Os Adicionais que Ampliam o Suporte

Para além da parcela mínima, o programa incorpora uma série de acréscimos pensados para atender às necessidades específicas das famílias, especialmente aquelas com crianças, adolescentes e gestantes. O Benefício Variável Familiar Nutriz, por exemplo, concede seis parcelas de R$ 50 a mães de bebês com até seis meses de idade, visando garantir a alimentação adequada da criança. Há, ainda, um adicional de R$ 50 direcionado a gestantes e nutrizes. Famílias com crianças de até seis anos recebem um acréscimo de R$ 150 por cada uma delas, enquanto cada filho com idade entre 7 e 18 anos gera um adicional de R$ 50 ao benefício mensal.

Pagamentos Antecipados para Cidades em Situação de Calamidade

Em um movimento estratégico para mitigar os impactos de eventos climáticos e vulnerabilidades sociais, moradores de 171 municípios distribuídos em oito estados tiveram o pagamento do Bolsa Família antecipado para a última quinta-feira (12), independentemente do número final do NIS. Essa medida emergencial beneficiou 122 cidades no Rio Grande do Norte, severamente atingidas pela seca, e outras localidades na Bahia (14), Paraná (12), Sergipe (11), Roraima (6), Amazonas (3), Piauí (2) e Santa Catarina (1). Os municípios contemplados foram selecionados por estarem em situação de estiagem, chuvas intensas ou por abrigarem povos indígenas em condição de alta vulnerabilidade, reforçando a flexibilidade do programa diante de cenários adversos. A lista completa dessas cidades está disponível para consulta na página oficial do Ministério do Desenvolvimento e Assistência Social.

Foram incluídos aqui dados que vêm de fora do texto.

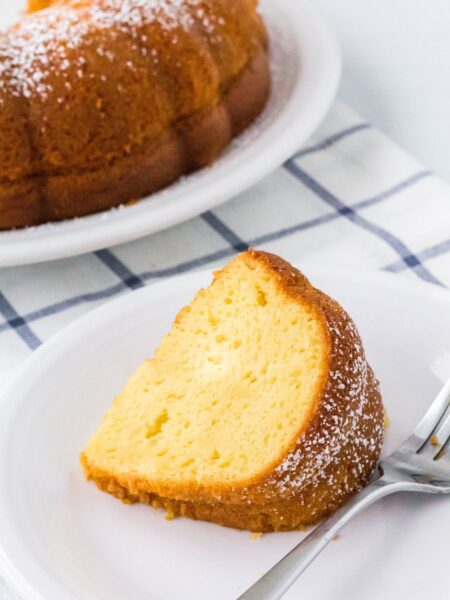 slice of vanilla pudding bundt cake on a white plate, with the remainder of the bundt cake in the background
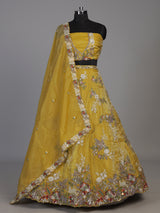 Mustard yellow tissue silk lehenga choli with dazzling embellishments
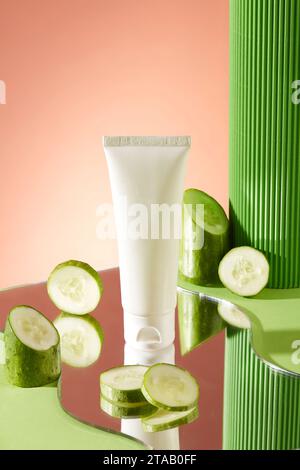 Geometric shaped mirror with some round slices of cucumber and unlabeled tube placed on. Natural cosmetic concept. Empty label for branding mockup Stock Photo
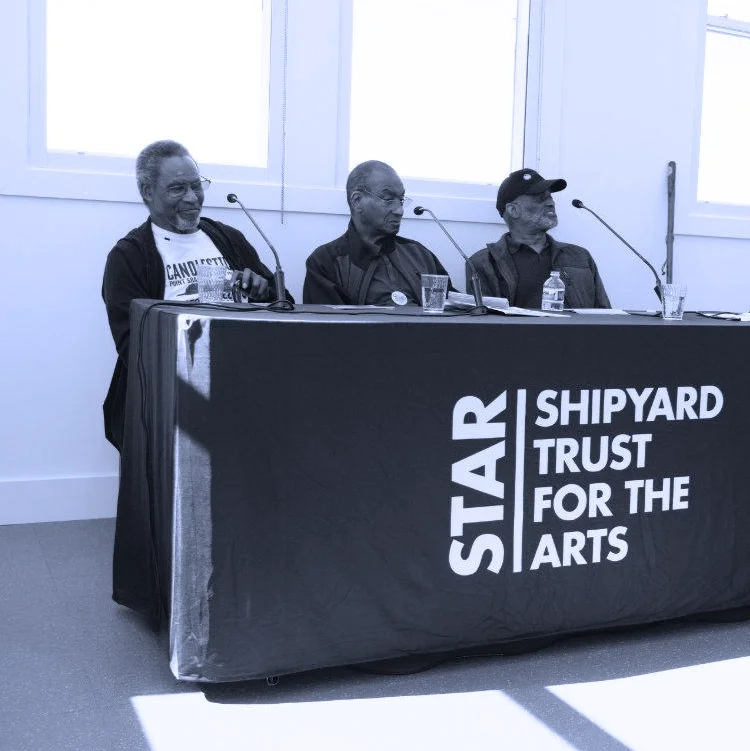 Black and white photo of 3 elderly black men sitting at a table with a tablecloth labeled STAR - Shipyard Trust For The Arts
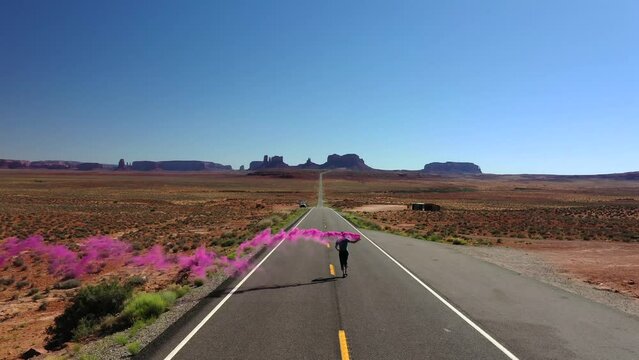 Man Running On The Highway In Utah Holding Color Smoke Signal. Monument Valley In Distant Background. wide aerial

Atualizações e Regras Específicas do Programa

Uma alteração significativa, estabelecida pela Lei 14.601/2023 – que marcou o resgate do Programa Bolsa Família (PBF) –, foi a eliminação do desconto do Seguro Defeso para os beneficiários a partir de 2024. O Seguro Defeso, vale lembrar, é um auxílio concedido a pescadores artesanais que dependem exclusivamente da pesca para subsistência e que ficam impossibilitados de exercer a atividade durante o período de piracema, quando a reprodução dos peixes é crucial. A exclusão desse desconto representa um alívio financeiro importante para essas famílias.

A Regra de Proteção: Incentivo à Autonomia Financeira

Em fevereiro, aproximadamente 2,51 milhões de famílias se enquadraram na Regra de Proteção, um mecanismo vital que visa incentivar a autonomia financeira e a inserção no mercado de trabalho. Essa regra permite que famílias que conseguem melhorar sua renda, por meio da obtenção de um emprego, continuem a receber 50% do benefício a que teriam direito, por um período determinado. A condição para isso é que a renda por integrante da família não exceda meio salário mínimo. Para 2025, houve uma alteração na duração: o tempo de permanência na Regra de Proteção foi ajustado de dois para um ano, porém, essa mudança aplica-se apenas às famílias que entrarem na fase de transição a partir de junho de 2025. Aqueles que se enquadraram até maio de 2025 manterão o benefício pela metade por um período de dois anos, garantindo uma transição mais suave.

O Bolsa Família, ao incorporar essas diversas camadas de apoio, desde os adicionais por composição familiar até as regras de transição e antecipação em casos de emergência, reafirma seu papel como uma ferramenta essencial na redução da pobreza e na promoção da segurança alimentar e social, adaptando-se às dinâmicas econômicas e às necessidades específicas da população brasileira.